The BULK_TRANSFER_DATA first creates an SSIS package named the same as the destination table. It then executes the package using a built-in SSIS ExecutePackage component before and deleting the package. The dynamically created package contains a DataFlow that contains a simple OleDb Source - OleDb Destination mapping.

The OleDb Source is created from the value of the package variable SOURCE_SELECT, which is the concatenation of the variables SELECT_CLAUSE + WHERE_CONDITION. The OleDB Destination inserts data into a table named the same as the value of the variable DEST_TABLE_NAME.

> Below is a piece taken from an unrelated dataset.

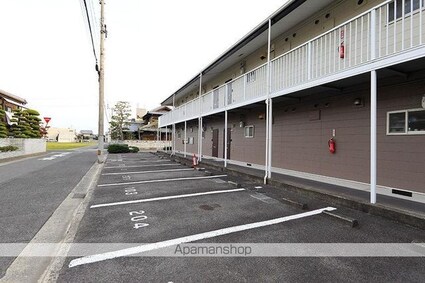 カトレア・メサ[1LDK/40.57m2]の駐車場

Let's now look at the stored procedure. The procedure first creates a Windows batch file named the same as the destination_table and then launches it. The batch file sets the working directory as the value of @work_dir, and then launches BULK_TRANSFER_DATA.

The prerequistes for Direct_Path_Insert to run are :

  1. The destination table exists
  2. The columns generated by the source select must have the identical name (case sensitive), datatype, and length as the columns of the destination table.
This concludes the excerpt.